I’ve been going through my archives looking for timely pieces to repost.
Feb 16, 2010
When gray wolves are discussed the inevitable dialog commences concerning their effect on ungulates or livestock, which puts wolf advocates perpetually on the defense. We feel compelled to defend the wolf. Many of the posts on this blog are in defensive mode. Wolves are continually portrayed in a bad light, so I feel obligated to defend them, it’s a natural reaction.
I’m an avid football fan and I know a great defense is the backbone of any team but the best defense is a good offense. If we’re constantly talking about deer, elk and livestock then we’re not talking about wolves. I believe this is the strategy of the anti wolf-crowd, to take the focus off wolf issues. It’s a tactic as old as time and it works. If you want to deflect attention from an issue, change the subject.
I challenge wolf advocates to stop playing defense. The motives that drive wolf persecution are political and cultural. It’s not about livestock depredation, elk numbers or “wolf management.”

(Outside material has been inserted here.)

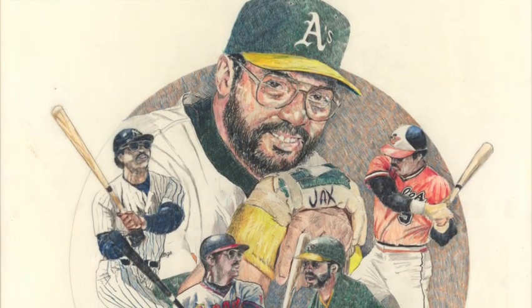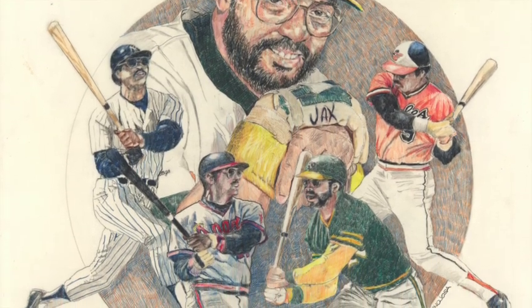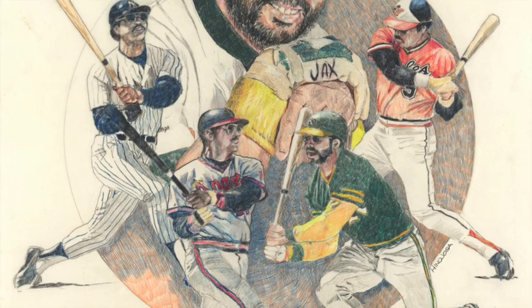Reggie Jackson, Hall of Famer, was painted on mylar and in pencil color.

From Wolves A Cosmopolitan World View:
“Wolves (have) persisted quite well alongside humanity for over a hundred thousand years, all without the “benefit” of wildlife management. It should be clear, then, that humanity’s troubled relationship with wolves has little to do with sound science in the sense of empirical data, quantitative models, or management techniques. Instead, our trouble with wolves is a deeply rooted ethical conflict over whether to coexist with wolves and other large predators. Resolving this conflict is a question of values, not facts and wolf recovery depends on a culture of tolerance for other life forms and their ways-of-life, not a science of wildlife management.”
Minnesota and Great Lakes ranchers are able to live reasonably amicably with almost 4000 wolves because most practice responsible animal husbandry. They have also lived with wolves a very long time. Please watch Lords of Nature to glimpse how predator and rancher can live side by side with reduced conflicts.
As for elk and deer, wolves have been coexisting with their prey for thousands of years without the need to be managed. The elk owes it’s fleetness of foot to the wolf. It wasn’t until Europeans set foot on this continent that the wolf suddenly became the enemy. Europe had purged itself of most large carnivores. European farmers and ranchers transplanted that idea to America and the war against the wolf began, almost four hundred years ago. The last hundred years included an aggressive poisoning, trapping and shooting campaign led by the federal government. Not only were wolves mercilessly killed but other predators and animals were targeted. It’s believed more than two million wolves were eradicated from the lower forty-eight, that’s a grim figure. To learn more about the extermination of wolves in the West and to understand the mindset that believed any wildlife that couldn’t be controlled should be eliminated, I recommend reading Predatory Bureaucracy: The Extermination of Wolves and The Transformation of the West, by Michael Robinson.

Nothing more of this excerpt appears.